La prima lettura è tratta dal libro del Qoèlet, che in ebraico vuol dire “predicatore”. Esso è un libro sapienziale, che affronta il problema del significato della vita umana. Incapace di scrutare a fondo i disegni di Dio, l’uomo si trova a combattere per dare un senso ai suoi giorni, alla ricerca di una felicità che gli alleggerisca il peso di vivere. La chiave di lettura della vita il Qoèlet non l’ha trovata: egli si accontenta di demolire le tesi opposte alle sue. La sua importanza è quella di porsi delle domande esistenziali, che nel libro rimangono sospese, ma la risposta la troviamo sempre nei vangeli. È il caso del passo di oggi: “Perché chi ha lavorato con sapienza, con scienza e con successo dovrà poi lasciare la sua parte a un altro che non vi ha per nulla faticato”?

L’uomo ricco del vangelo di oggi si pone lo stesso problema, ma Dio gli dà la risposta: “Stolto, questa notte stessa ti sarà richiesta la tua vita. E quello che hai preparato, di chi sarà?”. Così è di chi accumula tesori per sé e non si arricchisce presso Dio»”. Questo brano  ci fa riflettere su quale sia la vera saggezza: è più saggio accumulare i tesori nella banca della terra, che un giorno dobbiamo lasciare, o è meglio accumularli in quella del cielo, verso il quale siamo diretti e dove dovremo vivere per l’eternità? La risposta è ovvia, però sottintende altre domande: come si fa, durante la vita terrena, a trasferire dei tesori nella banca del cielo? ….Quali tesori sono trasferibili? …. Quali hanno valore anche in cielo?

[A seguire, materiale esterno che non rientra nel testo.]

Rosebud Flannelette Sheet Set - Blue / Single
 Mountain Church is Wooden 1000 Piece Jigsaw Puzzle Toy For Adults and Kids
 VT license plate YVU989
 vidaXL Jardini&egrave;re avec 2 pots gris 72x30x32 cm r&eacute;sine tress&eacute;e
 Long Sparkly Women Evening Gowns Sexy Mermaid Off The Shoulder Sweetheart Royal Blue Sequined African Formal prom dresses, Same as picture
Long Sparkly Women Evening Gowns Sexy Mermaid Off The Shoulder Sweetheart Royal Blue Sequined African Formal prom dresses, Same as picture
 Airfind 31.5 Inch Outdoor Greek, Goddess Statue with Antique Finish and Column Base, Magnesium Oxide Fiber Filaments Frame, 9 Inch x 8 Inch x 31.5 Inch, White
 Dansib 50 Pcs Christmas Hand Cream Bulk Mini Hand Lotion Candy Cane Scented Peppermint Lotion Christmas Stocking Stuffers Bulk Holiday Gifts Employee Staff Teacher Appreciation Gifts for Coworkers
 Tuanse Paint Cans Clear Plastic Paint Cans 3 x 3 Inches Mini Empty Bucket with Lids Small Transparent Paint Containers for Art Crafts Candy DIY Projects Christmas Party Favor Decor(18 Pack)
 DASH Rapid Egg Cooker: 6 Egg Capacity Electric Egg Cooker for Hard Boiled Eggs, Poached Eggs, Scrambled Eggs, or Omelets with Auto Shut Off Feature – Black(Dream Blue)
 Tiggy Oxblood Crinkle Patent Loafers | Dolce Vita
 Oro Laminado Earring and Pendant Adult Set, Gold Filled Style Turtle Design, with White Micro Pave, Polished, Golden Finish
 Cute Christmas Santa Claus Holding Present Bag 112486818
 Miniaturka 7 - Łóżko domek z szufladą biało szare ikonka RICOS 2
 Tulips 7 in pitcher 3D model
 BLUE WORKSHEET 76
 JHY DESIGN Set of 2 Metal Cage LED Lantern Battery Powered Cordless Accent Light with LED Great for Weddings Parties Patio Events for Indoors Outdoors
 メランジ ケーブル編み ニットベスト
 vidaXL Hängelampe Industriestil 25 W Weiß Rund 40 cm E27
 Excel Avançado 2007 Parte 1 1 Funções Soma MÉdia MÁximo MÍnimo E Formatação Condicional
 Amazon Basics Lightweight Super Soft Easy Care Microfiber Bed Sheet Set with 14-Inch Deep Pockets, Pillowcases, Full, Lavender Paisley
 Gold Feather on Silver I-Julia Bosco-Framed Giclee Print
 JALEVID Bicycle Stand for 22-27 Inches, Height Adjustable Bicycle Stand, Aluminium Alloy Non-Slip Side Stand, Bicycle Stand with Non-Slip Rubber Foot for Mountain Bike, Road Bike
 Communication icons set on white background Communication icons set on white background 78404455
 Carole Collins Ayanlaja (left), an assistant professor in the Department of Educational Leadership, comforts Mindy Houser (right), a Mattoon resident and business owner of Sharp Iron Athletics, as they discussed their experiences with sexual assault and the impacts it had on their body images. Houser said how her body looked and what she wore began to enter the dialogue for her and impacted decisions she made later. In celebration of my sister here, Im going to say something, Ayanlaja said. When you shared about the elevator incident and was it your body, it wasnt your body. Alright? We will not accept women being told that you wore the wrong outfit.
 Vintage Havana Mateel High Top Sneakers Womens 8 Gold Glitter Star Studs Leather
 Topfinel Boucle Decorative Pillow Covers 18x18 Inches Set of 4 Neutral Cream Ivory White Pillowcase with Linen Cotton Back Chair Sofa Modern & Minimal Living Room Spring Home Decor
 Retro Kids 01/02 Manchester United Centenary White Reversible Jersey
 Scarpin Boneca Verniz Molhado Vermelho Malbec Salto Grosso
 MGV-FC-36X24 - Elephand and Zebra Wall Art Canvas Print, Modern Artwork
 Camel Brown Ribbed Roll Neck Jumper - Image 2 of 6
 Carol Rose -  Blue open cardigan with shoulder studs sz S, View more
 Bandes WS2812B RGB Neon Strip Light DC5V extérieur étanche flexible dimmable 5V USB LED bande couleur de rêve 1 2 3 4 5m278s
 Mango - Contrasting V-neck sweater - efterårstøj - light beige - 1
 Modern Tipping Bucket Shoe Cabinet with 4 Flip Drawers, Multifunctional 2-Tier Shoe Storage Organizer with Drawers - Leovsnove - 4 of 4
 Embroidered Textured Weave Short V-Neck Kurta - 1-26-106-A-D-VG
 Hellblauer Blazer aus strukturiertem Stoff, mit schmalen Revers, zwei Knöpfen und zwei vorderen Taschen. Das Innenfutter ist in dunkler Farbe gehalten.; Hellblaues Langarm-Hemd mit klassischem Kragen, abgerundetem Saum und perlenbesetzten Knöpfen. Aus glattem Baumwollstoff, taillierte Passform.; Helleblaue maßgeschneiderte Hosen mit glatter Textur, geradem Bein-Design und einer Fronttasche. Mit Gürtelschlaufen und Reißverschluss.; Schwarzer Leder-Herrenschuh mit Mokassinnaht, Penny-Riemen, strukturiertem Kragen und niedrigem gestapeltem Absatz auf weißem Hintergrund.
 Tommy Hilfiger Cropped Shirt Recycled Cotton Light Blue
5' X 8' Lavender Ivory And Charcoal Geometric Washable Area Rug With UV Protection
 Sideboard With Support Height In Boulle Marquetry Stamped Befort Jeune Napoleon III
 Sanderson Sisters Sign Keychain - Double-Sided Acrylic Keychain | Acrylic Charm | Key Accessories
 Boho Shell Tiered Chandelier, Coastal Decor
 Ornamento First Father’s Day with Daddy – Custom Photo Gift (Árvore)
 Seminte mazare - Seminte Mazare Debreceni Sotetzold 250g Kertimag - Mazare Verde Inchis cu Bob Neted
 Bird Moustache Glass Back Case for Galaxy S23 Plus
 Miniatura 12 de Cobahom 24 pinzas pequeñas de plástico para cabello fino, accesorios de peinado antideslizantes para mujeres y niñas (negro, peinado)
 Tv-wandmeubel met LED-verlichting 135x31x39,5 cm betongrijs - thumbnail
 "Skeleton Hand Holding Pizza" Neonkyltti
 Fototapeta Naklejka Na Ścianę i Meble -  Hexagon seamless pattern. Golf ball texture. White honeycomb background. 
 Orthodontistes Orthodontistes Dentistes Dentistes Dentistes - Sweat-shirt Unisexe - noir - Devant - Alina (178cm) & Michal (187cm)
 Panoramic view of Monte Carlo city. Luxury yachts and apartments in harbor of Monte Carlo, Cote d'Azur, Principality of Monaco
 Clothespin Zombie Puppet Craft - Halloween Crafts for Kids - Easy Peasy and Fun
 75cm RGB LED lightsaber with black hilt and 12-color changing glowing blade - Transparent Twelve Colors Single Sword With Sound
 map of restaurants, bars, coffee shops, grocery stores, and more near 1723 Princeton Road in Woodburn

Chiaramente i beni materiali li lasciamo tutti sulla terra e per  essi la risposta la troviamo sul vangelo: “Vendete ciò che possedete e datelo in elemosina; fatevi borse che non invecchiano, un tesoro sicuro nei cieli, dove ladro non arriva e tarlo non consuma” (Lc 12,33). Ma anche tra i valori spirituali, quali non finiscono con la vita terrena? Riteniamo che la risposta a queste domande l’abbia data S. Paolo: “Se parlassi le lingue degli uomini e degli angeli, ma non avessi la carità, sarei come bronzo che rimbomba o come cimbalo che strepita…. La carità è magnanima, benevola è la carità; non è invidiosa, non si vanta, non si gonfia d’orgoglio, non manca di rispetto, non cerca il proprio interesse, non si adira, non tiene conto del male ricevuto, non gode dell’ingiustizia ma si rallegra della verità. Tutto scusa, tutto crede, tutto spera, tutto sopporta. La carità non avrà mai fine. Le profezie scompariranno, il dono delle lingue cesserà e la conoscenza svanirà. Infatti, in modo imperfetto noi conosciamo e in modo imperfetto profetizziamo. Ma quando verrà ciò che è perfetto, quello che è imperfetto scomparirà…. Adesso noi vediamo in modo confuso, come in uno specchio; allora invece vedremo faccia a faccia. Adesso conosco in modo imperfetto, ma allora conoscerò perfettamente, come anch’io sono conosciuto. Ora dunque rimangono queste tre cose: la fede, la speranza e la carità. Ma la più grande di tutte è la carità!” (1Cor 13,1-13).

Anche la fede e la speranza – dice Paolo – sono tesori trasferibili, ma quello che ha più valore è la carità.